Andres: The CRAFT Code does not establish a premium scheme yet and does not include a certification itself, but a Code of Good Mining Practices. Additionally, CRAFT is an open source which means that it could be applied to the ground by any supply chain actors. For example, in the case of FM Standard, the structure of the FM supply chain is well defined miners get certification FM for their high standard practices, traders get the Fairmined permits to buy FM Gold, refineries and jewelers do the same, all under the FM scheme, which is managed by The Alliance for Responsible Mining. This has been a challenge in the CRAFT Code because to be an open source the many actors could use it and apply it under their own schemes, and it’s a challenge for ARM to manage all these kinds of situations.

However, ARM is working on a business model that makes the CRAFT Code sustainable in the time and can guarantee the benefits for miners and boost them to continue with higher standards like Fairmined.

  • Is the platform showing the actors along the supply chain to follow the traceability of it? Or how does this work? Thank you.

Andres: The platform shows the assessment results of a mining group in three sections (CRAFT Code modules, Fairmined Standards criteria, and General categories (Environment, Mercury, Traceability, Health&Safety, Organizational, legitimacy, Gender, social, commercialization) which involve a comprehensive assessment (FM+ CRAFT).

For example, if any mining group reaches 80% of fulfillment in the environmental category, the platform also contains the evidence (text, documents, photography records) that support this score, and the same for the other categories.

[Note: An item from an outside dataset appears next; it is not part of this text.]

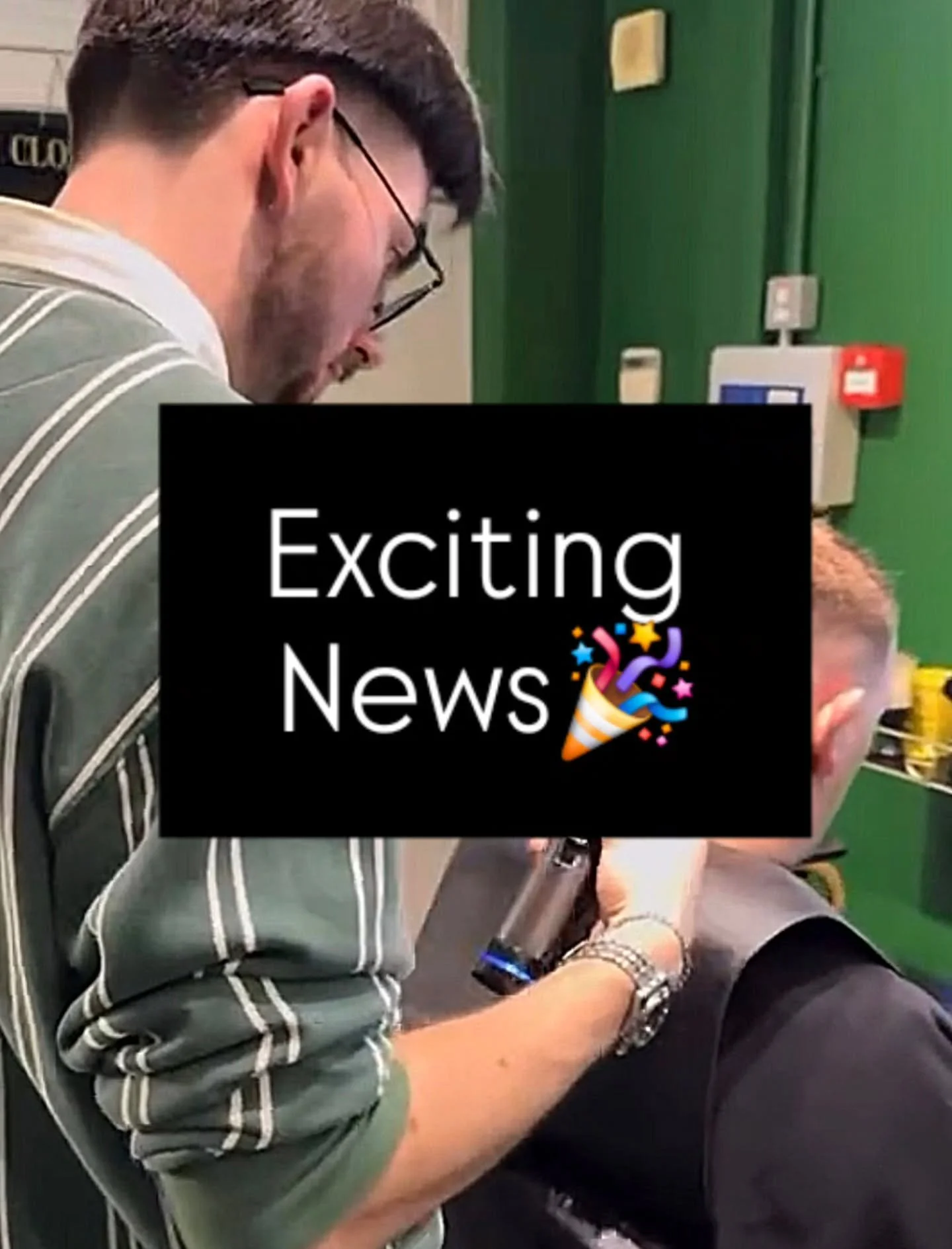 Exciting News! 🎉

We&rsquo;re thrilled to welcome Jack to the team! @jackswift96

Starting 1st September, Jack will be working Mondays and Saturdays. Throughout August, he&rsquo;ll also be in on selected Fridays and Saturdays&mdash;all his available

And in the case of the sustainability plan implemented by the mining organization, you can also track the improvement evidence that bridges the gap between the past mining conditions and the current after the implementation. The idea of the platform is to map transparently all the improvements and efforts that the mining is doing to demonstrate good practices aligned with the OCDE DD Guidelines (and reach formal markets) and other Standards (CRAFT, Fairmined, Forest Smart Mining).

  • Is CRAFT focused on ASM grouped in organizations or is it applicable to individuals?

Andres: The CRAFT Code could also be applied to individuals but certainly in the process they need to create an organization (not necessarily legally formalized, it could be a facto organization). The point is that it is not viable for individual miners nor traders (or any other actor of the supply chain) to apply the CRAFT Code individually and to implement some politics by itself. It is necessary to have an “organization” where one can make decisions and can design and implement basic protocols for all the individuals.

  • The beauty of open source is that everyone can use it. A potential downside is that then people can use it/port it in ways that might be ideal for their projects (such as in gemstones and elsewhere) and the interests that shape their projects. Is that a potential reputational risk for CRAFT, and if so, how is that risk dealt with?

Andres: There are advantages of being an open source, like the one that you mention. That is why it has been challenging creating a CRAFT supply chain, because we could guarantee the work that we are related to (as ARM), but not how the tool is being used by other actors, and if the evidence that they gathered really met the criteria. I think it is clear in this point to consider that the CRAFT Code is a guide of good mining practices, but the verification of the application is not corresponding to ARM in all the cases. The tool is well designed, but the responsibility of the veracity is in the actors that decide appropriately to apply it.